- YOUR OBJECTIVE -
The whole of the data is to be returned without a single change.

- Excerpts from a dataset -

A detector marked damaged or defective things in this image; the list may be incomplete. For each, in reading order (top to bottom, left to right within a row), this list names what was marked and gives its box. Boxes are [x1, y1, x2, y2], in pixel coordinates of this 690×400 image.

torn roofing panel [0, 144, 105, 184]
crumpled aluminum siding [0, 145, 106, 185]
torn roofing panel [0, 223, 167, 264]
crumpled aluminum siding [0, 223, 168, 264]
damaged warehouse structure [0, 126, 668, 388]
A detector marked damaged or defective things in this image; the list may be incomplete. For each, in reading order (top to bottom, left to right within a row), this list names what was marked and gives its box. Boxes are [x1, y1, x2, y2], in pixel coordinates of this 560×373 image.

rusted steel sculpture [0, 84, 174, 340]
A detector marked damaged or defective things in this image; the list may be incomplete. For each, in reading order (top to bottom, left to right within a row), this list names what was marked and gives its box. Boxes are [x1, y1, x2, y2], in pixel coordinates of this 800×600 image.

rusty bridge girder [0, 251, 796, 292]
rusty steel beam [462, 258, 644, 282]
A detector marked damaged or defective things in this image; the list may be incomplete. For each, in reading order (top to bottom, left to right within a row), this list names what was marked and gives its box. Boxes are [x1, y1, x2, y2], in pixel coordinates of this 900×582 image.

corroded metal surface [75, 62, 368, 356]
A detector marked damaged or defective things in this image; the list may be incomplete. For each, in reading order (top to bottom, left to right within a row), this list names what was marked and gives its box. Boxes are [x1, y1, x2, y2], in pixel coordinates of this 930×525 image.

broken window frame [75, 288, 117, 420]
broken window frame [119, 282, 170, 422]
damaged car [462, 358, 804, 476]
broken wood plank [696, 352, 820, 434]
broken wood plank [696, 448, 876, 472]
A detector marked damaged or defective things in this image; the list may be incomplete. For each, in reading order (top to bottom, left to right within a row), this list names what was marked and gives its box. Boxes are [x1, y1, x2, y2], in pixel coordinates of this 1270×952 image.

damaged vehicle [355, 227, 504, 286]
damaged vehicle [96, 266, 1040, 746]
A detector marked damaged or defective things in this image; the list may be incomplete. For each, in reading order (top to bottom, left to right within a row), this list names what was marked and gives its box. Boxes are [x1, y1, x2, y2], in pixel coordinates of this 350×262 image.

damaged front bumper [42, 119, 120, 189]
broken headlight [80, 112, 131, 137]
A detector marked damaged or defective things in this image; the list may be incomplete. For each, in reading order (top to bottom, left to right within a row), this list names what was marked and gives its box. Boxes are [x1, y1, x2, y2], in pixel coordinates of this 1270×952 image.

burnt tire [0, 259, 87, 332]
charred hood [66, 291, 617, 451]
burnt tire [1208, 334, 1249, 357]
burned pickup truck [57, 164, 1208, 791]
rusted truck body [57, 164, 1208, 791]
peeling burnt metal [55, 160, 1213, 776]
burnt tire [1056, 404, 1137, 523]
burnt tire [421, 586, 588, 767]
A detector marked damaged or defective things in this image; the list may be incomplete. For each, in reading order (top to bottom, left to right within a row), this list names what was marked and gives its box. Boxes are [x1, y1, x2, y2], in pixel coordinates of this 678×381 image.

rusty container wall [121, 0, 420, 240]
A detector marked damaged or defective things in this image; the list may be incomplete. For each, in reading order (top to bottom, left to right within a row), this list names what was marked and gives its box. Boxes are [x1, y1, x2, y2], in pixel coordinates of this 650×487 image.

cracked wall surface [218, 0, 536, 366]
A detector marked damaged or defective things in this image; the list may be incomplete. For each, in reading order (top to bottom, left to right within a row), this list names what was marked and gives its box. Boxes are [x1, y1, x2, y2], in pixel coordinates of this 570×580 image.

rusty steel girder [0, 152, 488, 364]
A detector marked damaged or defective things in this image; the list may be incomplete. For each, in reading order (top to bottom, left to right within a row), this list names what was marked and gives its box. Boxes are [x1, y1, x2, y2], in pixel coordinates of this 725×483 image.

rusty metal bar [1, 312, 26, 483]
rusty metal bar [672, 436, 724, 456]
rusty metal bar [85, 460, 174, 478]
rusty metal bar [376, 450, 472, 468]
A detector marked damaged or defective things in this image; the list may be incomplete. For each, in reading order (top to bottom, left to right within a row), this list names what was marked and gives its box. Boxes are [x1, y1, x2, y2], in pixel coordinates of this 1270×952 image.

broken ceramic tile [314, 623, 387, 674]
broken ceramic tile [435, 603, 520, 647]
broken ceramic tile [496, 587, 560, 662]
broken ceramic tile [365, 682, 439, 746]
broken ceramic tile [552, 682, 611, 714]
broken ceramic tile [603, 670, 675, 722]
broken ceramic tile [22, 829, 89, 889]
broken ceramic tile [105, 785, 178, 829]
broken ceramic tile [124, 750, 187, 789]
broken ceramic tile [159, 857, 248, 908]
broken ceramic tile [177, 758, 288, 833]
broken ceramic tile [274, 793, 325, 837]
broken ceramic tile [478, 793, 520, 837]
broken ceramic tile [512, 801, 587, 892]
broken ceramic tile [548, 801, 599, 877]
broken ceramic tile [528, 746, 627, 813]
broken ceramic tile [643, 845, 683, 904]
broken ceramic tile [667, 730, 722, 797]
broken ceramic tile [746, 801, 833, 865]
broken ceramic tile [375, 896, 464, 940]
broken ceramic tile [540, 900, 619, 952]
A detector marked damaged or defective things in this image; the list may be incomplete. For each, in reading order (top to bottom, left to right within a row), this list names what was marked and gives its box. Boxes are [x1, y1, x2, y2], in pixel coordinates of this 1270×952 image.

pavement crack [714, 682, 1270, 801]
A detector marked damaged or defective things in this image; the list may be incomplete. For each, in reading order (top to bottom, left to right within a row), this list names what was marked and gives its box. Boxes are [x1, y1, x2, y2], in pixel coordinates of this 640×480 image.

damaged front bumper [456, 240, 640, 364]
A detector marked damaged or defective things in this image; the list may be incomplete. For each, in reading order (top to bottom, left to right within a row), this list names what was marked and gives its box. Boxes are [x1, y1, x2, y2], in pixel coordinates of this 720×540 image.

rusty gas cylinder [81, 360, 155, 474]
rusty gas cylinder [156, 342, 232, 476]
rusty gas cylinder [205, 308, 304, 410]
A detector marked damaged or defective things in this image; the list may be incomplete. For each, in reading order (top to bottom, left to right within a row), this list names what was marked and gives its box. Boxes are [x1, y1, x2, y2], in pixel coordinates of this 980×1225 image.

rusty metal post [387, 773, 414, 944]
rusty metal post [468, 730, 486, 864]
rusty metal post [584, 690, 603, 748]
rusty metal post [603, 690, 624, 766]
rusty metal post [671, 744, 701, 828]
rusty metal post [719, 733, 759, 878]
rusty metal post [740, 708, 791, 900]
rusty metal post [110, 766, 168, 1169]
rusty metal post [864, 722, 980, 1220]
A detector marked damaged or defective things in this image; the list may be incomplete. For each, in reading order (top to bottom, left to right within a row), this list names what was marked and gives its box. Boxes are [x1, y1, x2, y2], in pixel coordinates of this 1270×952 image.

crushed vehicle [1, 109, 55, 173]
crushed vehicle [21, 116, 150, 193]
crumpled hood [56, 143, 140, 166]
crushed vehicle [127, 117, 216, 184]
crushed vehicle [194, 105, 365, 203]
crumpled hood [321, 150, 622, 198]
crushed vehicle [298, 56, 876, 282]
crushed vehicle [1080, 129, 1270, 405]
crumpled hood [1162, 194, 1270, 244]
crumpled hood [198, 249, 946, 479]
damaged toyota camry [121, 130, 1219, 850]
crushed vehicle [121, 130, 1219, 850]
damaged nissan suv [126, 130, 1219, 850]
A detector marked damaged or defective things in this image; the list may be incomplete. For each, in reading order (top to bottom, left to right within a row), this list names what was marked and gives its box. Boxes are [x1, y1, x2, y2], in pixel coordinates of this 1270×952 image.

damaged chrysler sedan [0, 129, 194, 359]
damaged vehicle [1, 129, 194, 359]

- YOUR RESPONSE -
A detector marked damaged or defective things in this image; the list may be incomplete. For each, in reading order (top to bottom, left to right within a row), this list names what was marked and gives its box. Boxes are [x1, y1, x2, y2], in pixel coordinates of this 690×400 image.

torn roofing panel [0, 144, 105, 184]
crumpled aluminum siding [0, 145, 106, 185]
torn roofing panel [0, 223, 167, 264]
crumpled aluminum siding [0, 223, 168, 264]
damaged warehouse structure [0, 126, 668, 388]
A detector marked damaged or defective things in this image; the list may be incomplete. For each, in reading order (top to bottom, left to right within a row), this list names what was marked and gives its box. Boxes are [x1, y1, x2, y2], in pixel coordinates of this 560×373 image.

rusted steel sculpture [0, 84, 174, 340]
A detector marked damaged or defective things in this image; the list may be incomplete. For each, in reading order (top to bottom, left to right within a row), this list names what was marked and gives its box. Boxes are [x1, y1, x2, y2], in pixel coordinates of this 800×600 image.

rusty bridge girder [0, 251, 796, 292]
rusty steel beam [462, 258, 644, 282]
A detector marked damaged or defective things in this image; the list may be incomplete. For each, in reading order (top to bottom, left to right within a row), this list names what was marked and gives its box. Boxes are [x1, y1, x2, y2], in pixel coordinates of this 900×582 image.

corroded metal surface [75, 62, 368, 356]
A detector marked damaged or defective things in this image; the list may be incomplete. For each, in reading order (top to bottom, left to right within a row), this list names what was marked and gives its box. Boxes are [x1, y1, x2, y2], in pixel coordinates of this 930×525 image.

broken window frame [75, 288, 117, 420]
broken window frame [119, 282, 170, 422]
damaged car [462, 358, 804, 476]
broken wood plank [696, 352, 820, 434]
broken wood plank [696, 448, 876, 472]
A detector marked damaged or defective things in this image; the list may be incomplete. For each, in reading order (top to bottom, left to right within a row), this list names what was marked and gives its box. Boxes are [x1, y1, x2, y2], in pixel coordinates of this 1270×952 image.

damaged vehicle [355, 227, 504, 286]
damaged vehicle [96, 266, 1040, 746]
A detector marked damaged or defective things in this image; the list may be incomplete. For each, in reading order (top to bottom, left to right within a row), this list names what was marked and gives its box. Boxes are [x1, y1, x2, y2], in pixel coordinates of this 350×262 image.

damaged front bumper [42, 119, 120, 189]
broken headlight [80, 112, 131, 137]
A detector marked damaged or defective things in this image; the list may be incomplete. For each, in reading order (top to bottom, left to right within a row), this list names what was marked and gives its box. Boxes are [x1, y1, x2, y2], in pixel coordinates of this 1270×952 image.

burnt tire [0, 259, 87, 332]
charred hood [66, 291, 617, 451]
burnt tire [1208, 334, 1249, 357]
burned pickup truck [57, 164, 1208, 791]
rusted truck body [57, 164, 1208, 791]
peeling burnt metal [55, 160, 1213, 776]
burnt tire [1056, 404, 1137, 523]
burnt tire [421, 586, 588, 767]
A detector marked damaged or defective things in this image; the list may be incomplete. For each, in reading order (top to bottom, left to right within a row), this list names what was marked and gives its box. Boxes are [x1, y1, x2, y2], in pixel coordinates of this 678×381 image.

rusty container wall [121, 0, 420, 240]
A detector marked damaged or defective things in this image; the list may be incomplete. For each, in reading order (top to bottom, left to right within a row), this list names what was marked and gives its box. Boxes are [x1, y1, x2, y2], in pixel coordinates of this 650×487 image.

cracked wall surface [218, 0, 536, 366]
A detector marked damaged or defective things in this image; the list may be incomplete. For each, in reading order (top to bottom, left to right within a row), this list names what was marked and gives its box. Boxes are [x1, y1, x2, y2], in pixel coordinates of this 570×580 image.

rusty steel girder [0, 152, 488, 364]
A detector marked damaged or defective things in this image; the list may be incomplete. For each, in reading order (top to bottom, left to right within a row), this list names what was marked and gives its box. Boxes are [x1, y1, x2, y2], in pixel coordinates of this 725×483 image.

rusty metal bar [1, 312, 26, 483]
rusty metal bar [672, 436, 724, 456]
rusty metal bar [85, 460, 174, 478]
rusty metal bar [376, 450, 472, 468]
A detector marked damaged or defective things in this image; the list may be incomplete. For each, in reading order (top to bottom, left to right within a row), this list names what was marked and gives its box. Boxes are [x1, y1, x2, y2], in pixel coordinates of this 1270×952 image.

broken ceramic tile [314, 623, 387, 674]
broken ceramic tile [435, 603, 520, 647]
broken ceramic tile [496, 587, 560, 662]
broken ceramic tile [365, 682, 439, 746]
broken ceramic tile [552, 682, 611, 714]
broken ceramic tile [603, 670, 675, 722]
broken ceramic tile [22, 829, 89, 889]
broken ceramic tile [105, 785, 178, 829]
broken ceramic tile [124, 750, 187, 789]
broken ceramic tile [159, 857, 248, 908]
broken ceramic tile [177, 758, 288, 833]
broken ceramic tile [274, 793, 325, 837]
broken ceramic tile [478, 793, 520, 837]
broken ceramic tile [512, 801, 587, 892]
broken ceramic tile [548, 801, 599, 877]
broken ceramic tile [528, 746, 627, 813]
broken ceramic tile [643, 845, 683, 904]
broken ceramic tile [667, 730, 722, 797]
broken ceramic tile [746, 801, 833, 865]
broken ceramic tile [375, 896, 464, 940]
broken ceramic tile [540, 900, 619, 952]
A detector marked damaged or defective things in this image; the list may be incomplete. For each, in reading order (top to bottom, left to right within a row), this list names what was marked and gives its box. Boxes are [x1, y1, x2, y2], in pixel coordinates of this 1270×952 image.

pavement crack [714, 682, 1270, 801]
A detector marked damaged or defective things in this image; the list may be incomplete. For each, in reading order (top to bottom, left to right within a row), this list names what was marked and gives its box. Boxes are [x1, y1, x2, y2], in pixel coordinates of this 640×480 image.

damaged front bumper [456, 240, 640, 364]
A detector marked damaged or defective things in this image; the list may be incomplete. For each, in reading order (top to bottom, left to right within a row), this list names what was marked and gives its box. Boxes are [x1, y1, x2, y2], in pixel coordinates of this 720×540 image.

rusty gas cylinder [81, 360, 155, 474]
rusty gas cylinder [156, 342, 232, 476]
rusty gas cylinder [205, 308, 304, 410]
A detector marked damaged or defective things in this image; the list may be incomplete. For each, in reading order (top to bottom, left to right within a row), this list names what was marked and gives its box. Boxes are [x1, y1, x2, y2], in pixel coordinates of this 980×1225 image.

rusty metal post [387, 773, 414, 944]
rusty metal post [468, 730, 486, 864]
rusty metal post [584, 690, 603, 748]
rusty metal post [603, 690, 624, 766]
rusty metal post [671, 744, 701, 828]
rusty metal post [719, 733, 759, 878]
rusty metal post [740, 708, 791, 900]
rusty metal post [110, 766, 168, 1169]
rusty metal post [864, 722, 980, 1220]
A detector marked damaged or defective things in this image; the list may be incomplete. For each, in reading order (top to bottom, left to right within a row), this list names what was marked and gives its box. Boxes are [x1, y1, x2, y2], in pixel coordinates of this 1270×952 image.

crushed vehicle [1, 109, 55, 173]
crushed vehicle [21, 116, 150, 193]
crumpled hood [56, 143, 140, 166]
crushed vehicle [127, 117, 216, 184]
crushed vehicle [194, 105, 365, 203]
crumpled hood [321, 150, 622, 198]
crushed vehicle [298, 56, 876, 282]
crushed vehicle [1080, 129, 1270, 405]
crumpled hood [1162, 194, 1270, 244]
crumpled hood [198, 249, 946, 479]
damaged toyota camry [121, 130, 1219, 850]
crushed vehicle [121, 130, 1219, 850]
damaged nissan suv [126, 130, 1219, 850]
A detector marked damaged or defective things in this image; the list may be incomplete. For each, in reading order (top to bottom, left to right within a row), this list names what was marked and gives its box. Boxes are [x1, y1, x2, y2], in pixel coordinates of this 1270×952 image.

damaged chrysler sedan [0, 129, 194, 359]
damaged vehicle [1, 129, 194, 359]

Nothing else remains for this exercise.